Juma 2 years after the Covid-19 pandemic
I knew I wanted to pray Juma today.
“You’re doing taraweeh but you’re not praying Juma?” was a buddy’s comment this past Ramadan.
So I decided I would start praying Juma again.
But each Friday, things would get in the way.
This was NEVER like me.
I hardly ever missed a Juma in my life since my university days. Albeit I’d be late attending, but I’d miss a Juma literally like once every decade if that.
But the pandemic changed everything.
After 2 years, I just got into the habit of not praying Juma because the mosques were closed for so long, and for good reason. But I wasn’t comfortable praying as well when they did start to open, because I wasn’t cool with being around so many people, whether it was before, or after I had covid.
So I’m sitting here trying to do work, with the clock ticking towards Juma, and I know it. Plus the car ain’t working, so I know I’ll have to walk it to the mosque.
I finally muster the courage and rip myself off the couch, with little time left for the prayer, and disgusted I’ve blown yet another Juma, I can’t help but still think, can I make it? Nah, it’s too late, why go? You don’t deserve to go. I reason with myself: I promise I’ll be a good boy and establish a better schedule next week, and be on time for Juma. PROMISE!

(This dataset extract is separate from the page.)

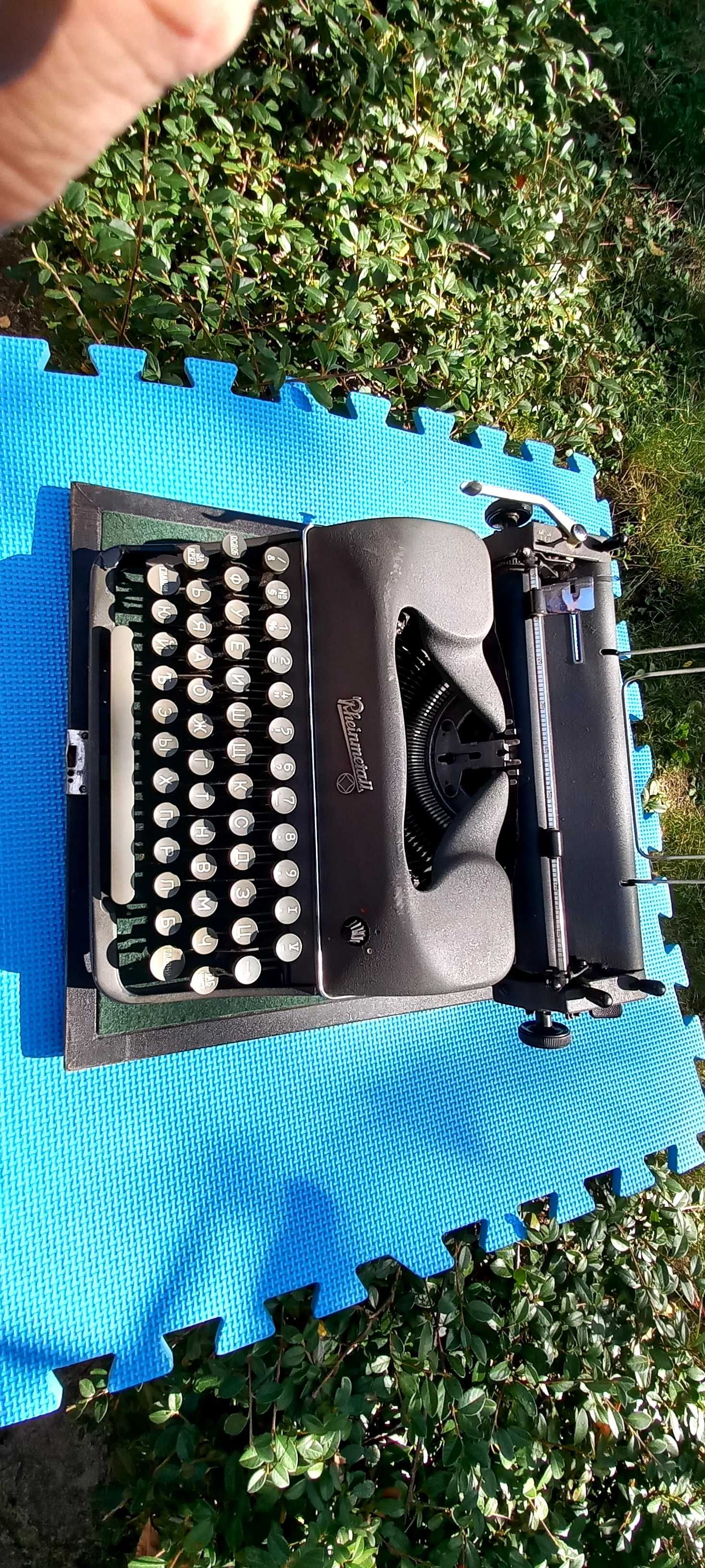 Пишеща машина Reinemetal с куфар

But in a matter of seconds, I’m double minded. I jump in the shower and think about the same questions. When I come out, it’s 2:45 PM. The iqama is at 3. I got 15 minutes. Should I go? And that by foot? I decide to chance it.

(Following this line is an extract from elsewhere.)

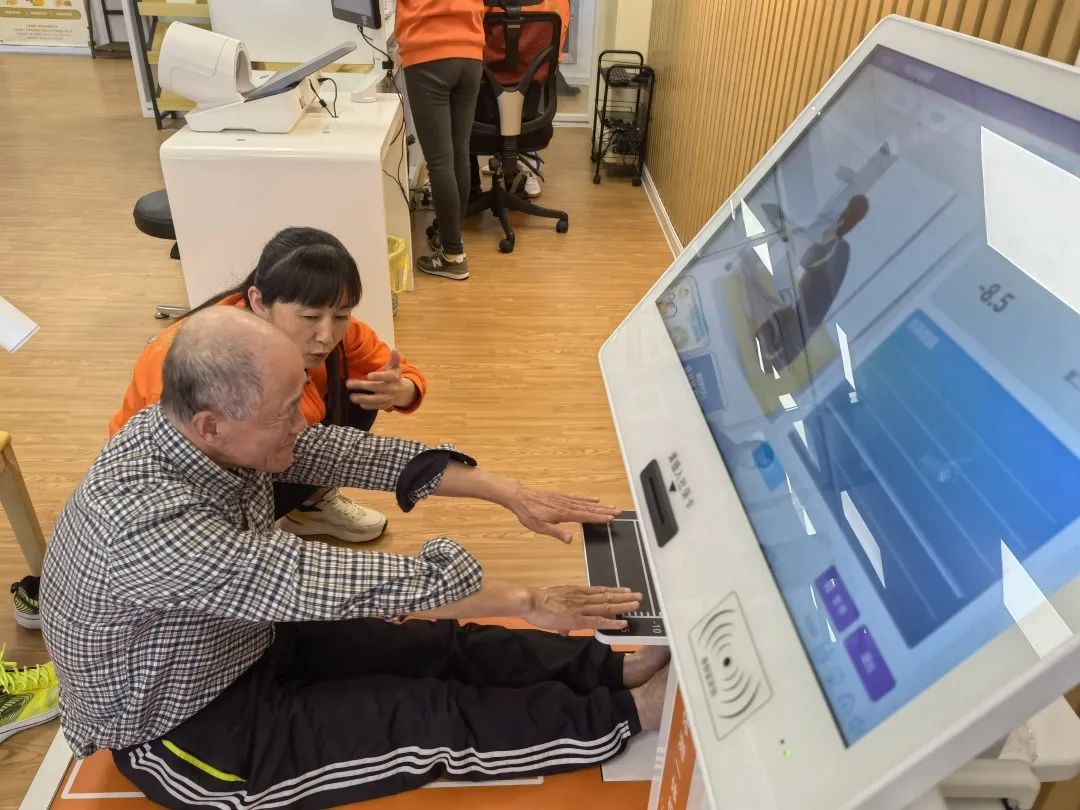 擎天租亮相TheColorRun北京站打造科技赛事新体验(图1)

As I’m walking, I figure I don’t care what happens anymore. At least I made it out of the house! I’ll improve on this. This is victory! I’m happy. A feeling of contentment comes over me.

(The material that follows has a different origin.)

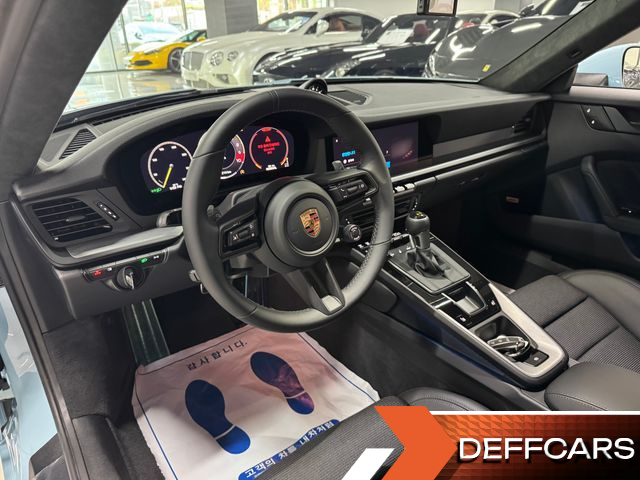 Porsche 911 GT3 Touring купить на сайте DeffCars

15 minutes pass. It’s 3 on the nose and I come within the vicinity of the mosque. I’ve conceded I’ll miss Juma, but at least I can pray Zuhr at the mosque….
But then hope.
I see cars still parked in the neighbourhood! That’s a sign everyone’s still praying Juma!! I haven’t sprinted in like forever, and I’m like, YES, I get to do some exercise too! I run for it—knowing that the jammat starts at 3—hoping I can catch the last few seconds of Juma.
The mosque finally reveals itself, I’m tiring and want to stop, running with each step as I edge closer. NO! I tell myself, you’re not stopping. I’m gonna keep running till I get to the entrance of the mosque. Push it! Who knows when I’ll run again.
“Hurry hurry. They’ve started” a man says adamantly as I rush in through the doorway, panting.